Exercise data:
────────
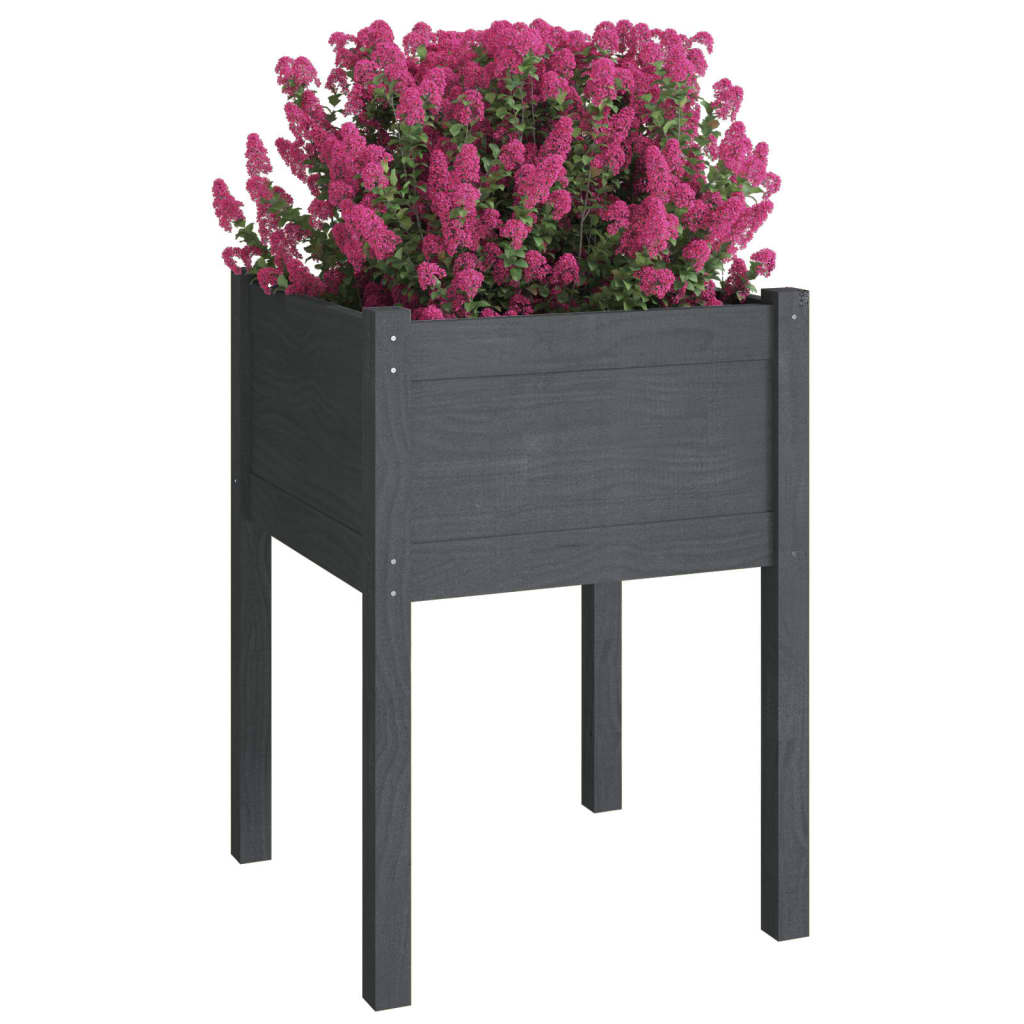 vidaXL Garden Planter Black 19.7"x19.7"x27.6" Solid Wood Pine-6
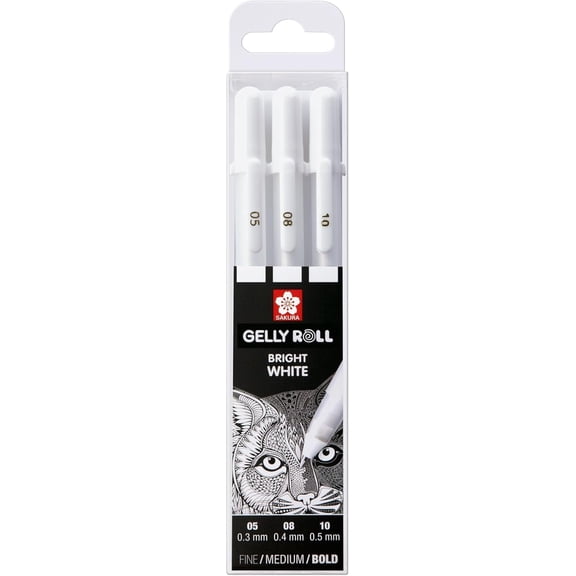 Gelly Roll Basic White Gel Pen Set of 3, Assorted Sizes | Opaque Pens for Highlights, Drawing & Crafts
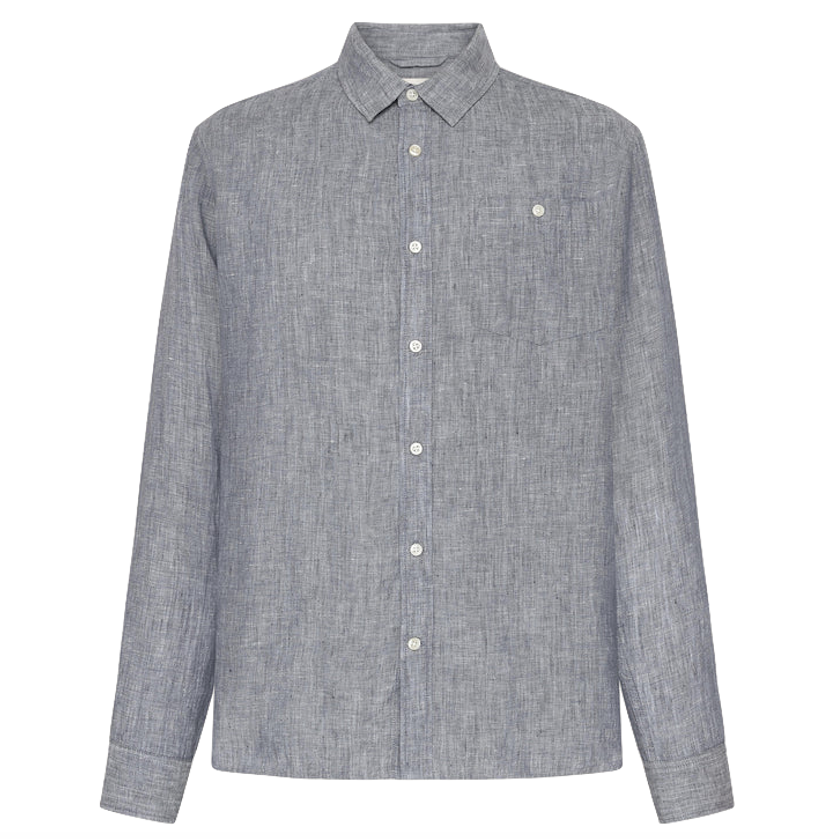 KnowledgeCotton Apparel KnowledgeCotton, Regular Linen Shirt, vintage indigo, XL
────────
Aim of the task: Please write out the entire listing above exactly, but leave the pictures out.

Response:
 vidaXL Garden Planter Black 19.7"x19.7"x27.6" Solid Wood Pine-6
 Gelly Roll Basic White Gel Pen Set of 3, Assorted Sizes | Opaque Pens for Highlights, Drawing & Crafts
 KnowledgeCotton Apparel KnowledgeCotton, Regular Linen Shirt, vintage indigo, XL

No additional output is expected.